Broken Down Dam (formerly the Fergus Falls Hydro Dam or Fergus Falls City Light Station) was a concrete hydroelectric gravity dam on the Otter Tail River in Otter Tail County, Minnesota in the United States. Constructed in 1908 to supply power to the nearby town of Fergus Falls, the dam suddenly failed on September 24, 1909. Collapse of the dam caused the failure of four others downstream as well as significant property damage. There were no deaths. City officials left the damaged structure in place and today its ruins lie along the recreational Otter Tail River State Water Trail at Broken Down Dam Park. The only flood recorded in the history of Fergus Falls was due to this disaster.

== Construction ==
In 1907, the growing city of Fergus Falls began enhancing a dam on the Otter Tail River about two miles upstream at Page Mill to satisfy its electricity needs. The mill had burned several years earlier and the city used the small dam as a power plant. At the same time, the city began constructing a much larger dam about three miles above the city as a permanent replacement.
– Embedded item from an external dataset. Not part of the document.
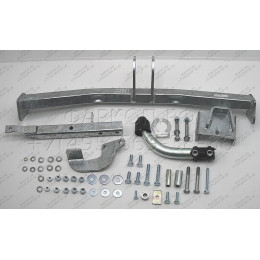 H079A GALIA Полностью оцинкованный фаркоп на Honda Jazz 2008-2014, Honda Fit 2008-2013. Тип шара: A. Невидимый вырез бампера. Нагрузки: 1100/82 кг, масса фаркопа 17,01 кг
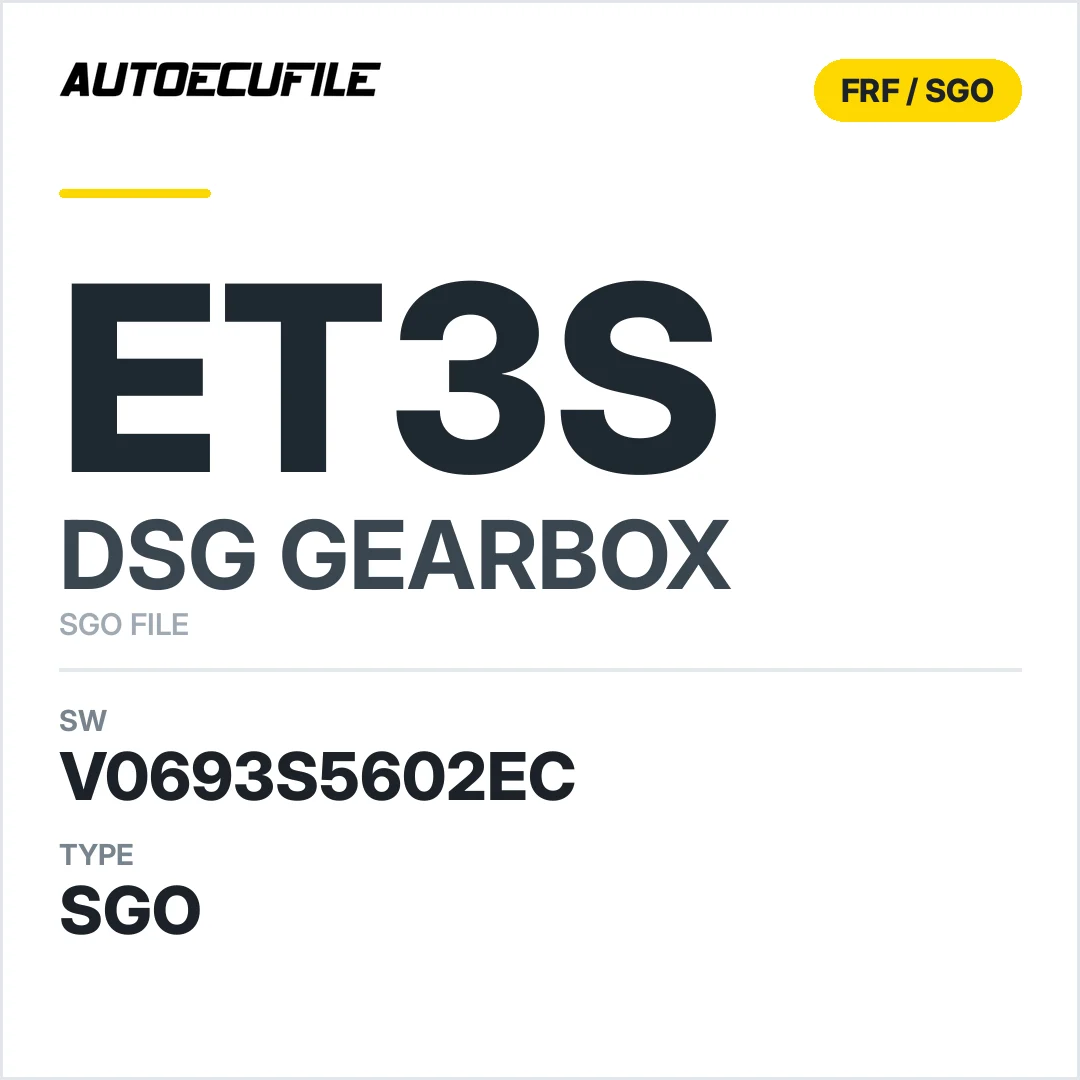 v0693s5602ec  getriebe DSG eT3s sw SGO FILE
The new dam began generating power in 1908. Engineers had unknowingly built the dam on top of a spring without having done proper site evaluations. By the following year the concrete foundations had been undermined by the spring flows.

== Collapse ==
At 4:20 a.m. on September 24, 1909, dam attendants discovered the electric lights fading and water flowing over the powerhouse floor. They quickly fled along a railway embankment just as the 10-ton generator was swept into the river. They reached a farm, procured a team of horses, and headed towards Fergus Falls to raise alarm. En route they met the city electrical superintendent travelling towards the dam to find out why power had failed and why the station crew had not answered the telephone.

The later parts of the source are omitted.